WORK INSTRUCTIONS: Having located the line with "SAKURAO GIN HAMAGOU 2024 | GIN BOTTLE SHOP", print it and each remaining line exactly, stopping at the end of the material and omitting pictures.

DATA BLOCK:
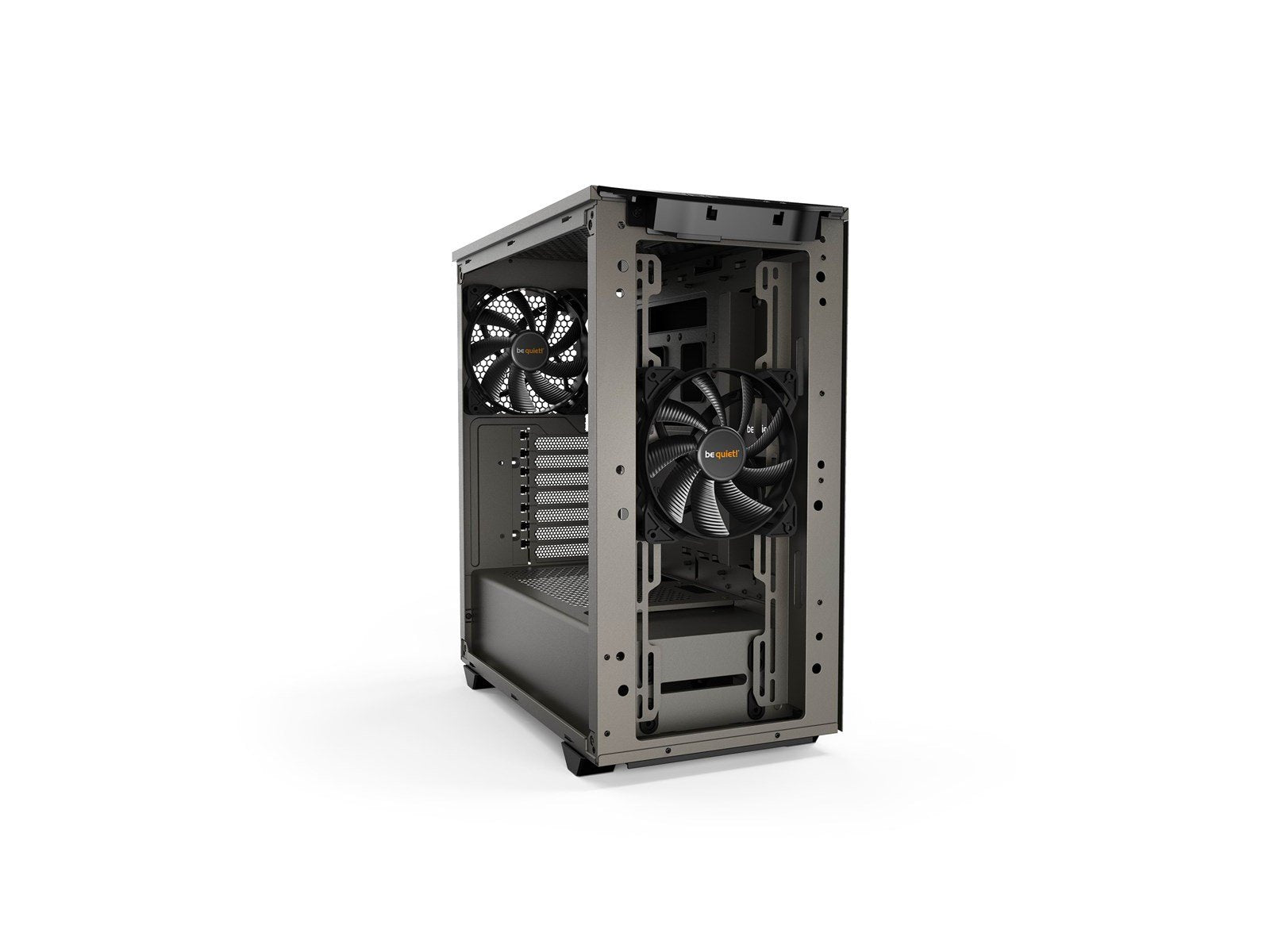 be quiet! Pure Base 500 TG - Metallic Gray - Gehäuse - Miditower - Grau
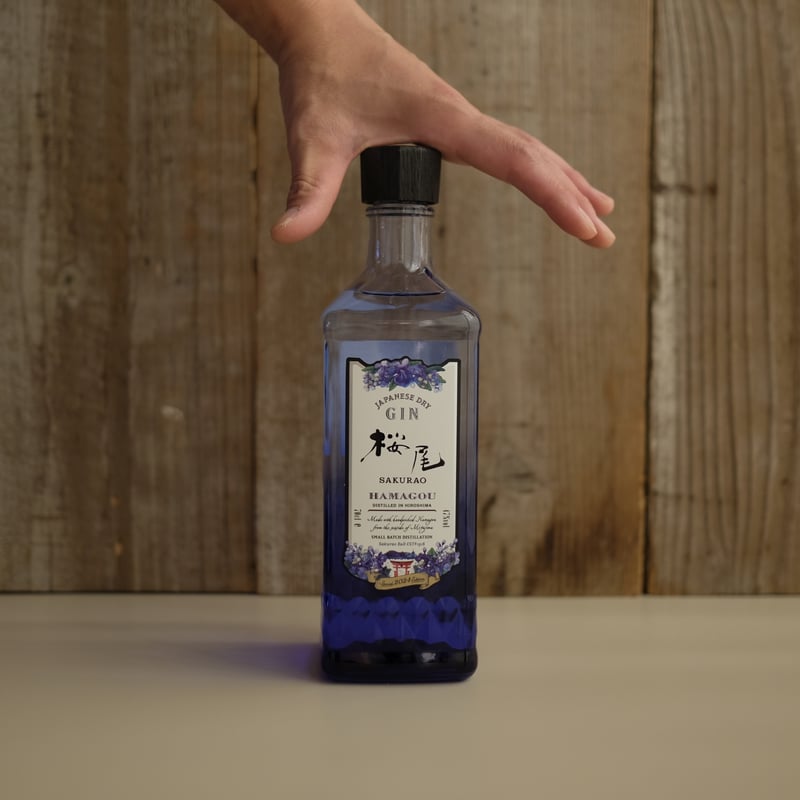 SAKURAO GIN HAMAGOU 2024 | GIN BOTTLE SHOP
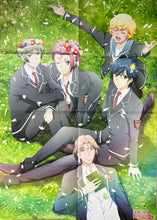 Cargar imagen en el visor de la galería, Osomatsu-san / Binan Koukou Chikyuu Boueibu Love! - Extra Large Double-Sided Poster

YOUR RESPONSE:
 SAKURAO GIN HAMAGOU 2024 | GIN BOTTLE SHOP
 Cargar imagen en el visor de la galería, Osomatsu-san / Binan Koukou Chikyuu Boueibu Love! - Extra Large Double-Sided Poster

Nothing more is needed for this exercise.